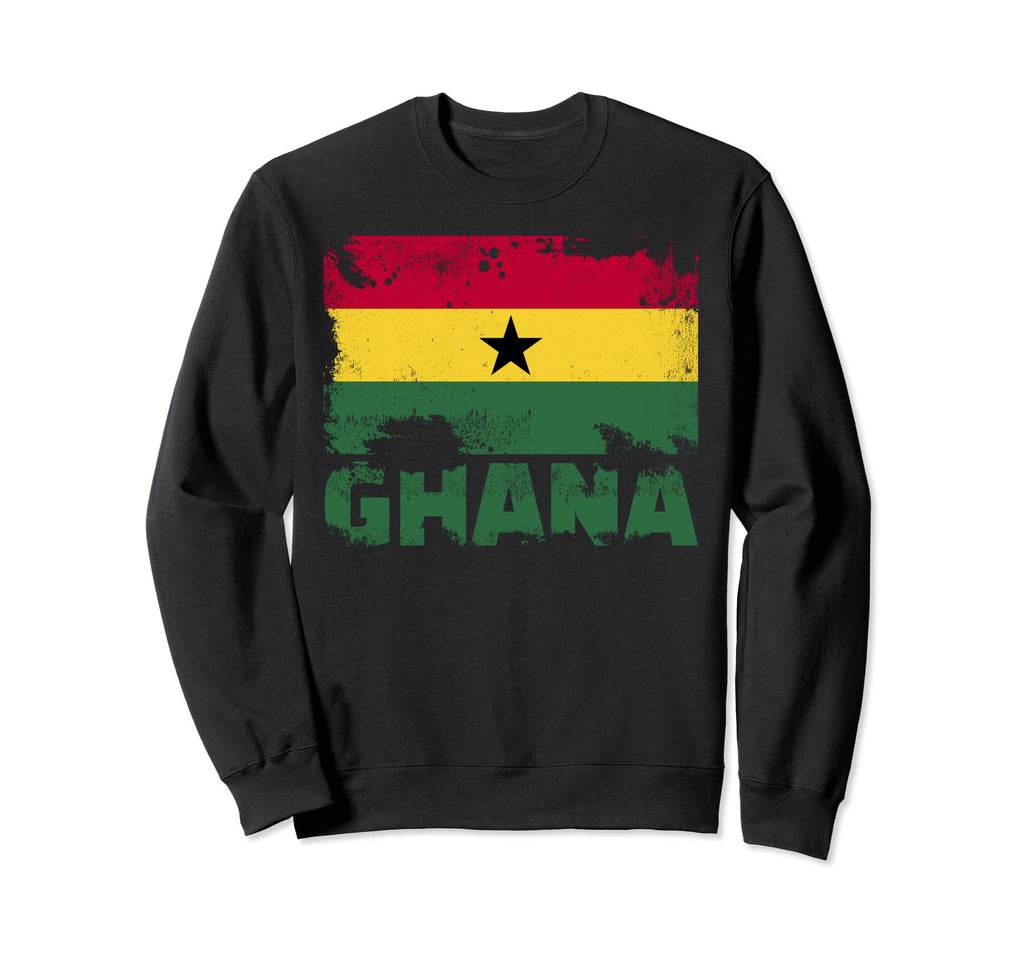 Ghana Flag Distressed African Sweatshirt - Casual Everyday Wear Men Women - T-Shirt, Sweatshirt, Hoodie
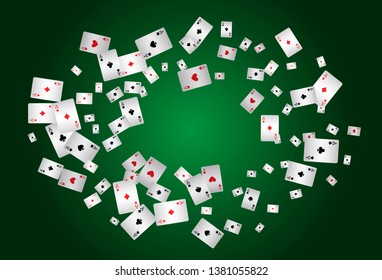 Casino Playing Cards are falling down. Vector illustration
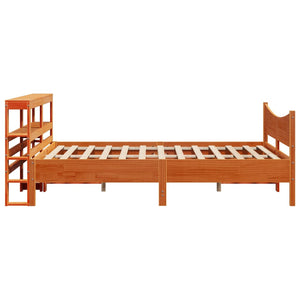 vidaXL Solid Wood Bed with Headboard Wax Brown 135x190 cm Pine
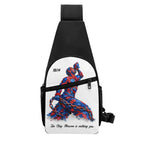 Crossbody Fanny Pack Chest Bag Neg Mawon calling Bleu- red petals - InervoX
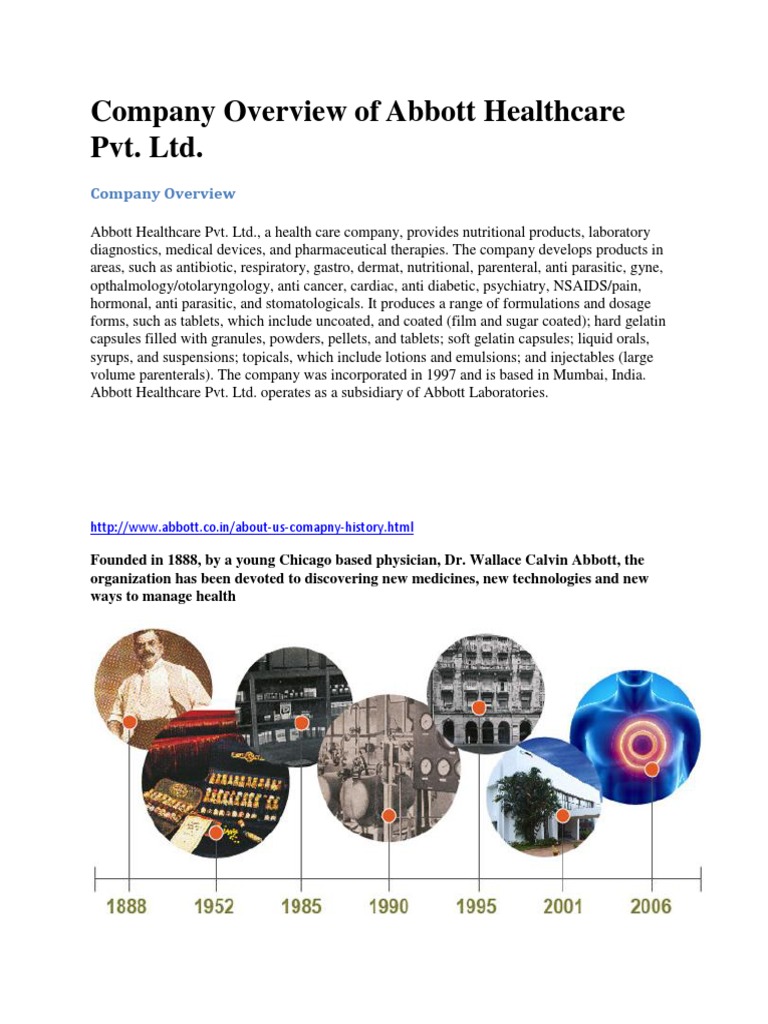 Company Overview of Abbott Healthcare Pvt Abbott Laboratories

_ _ _

The answer must consist solely of the lines from the one with "Crossbody Fanny Pack" through the final line of the data, each reproduced exactly and with pictures omitted.

 Crossbody Fanny Pack Chest Bag Neg Mawon calling Bleu- red petals - InervoX
 Company Overview of Abbott Healthcare Pvt Abbott Laboratories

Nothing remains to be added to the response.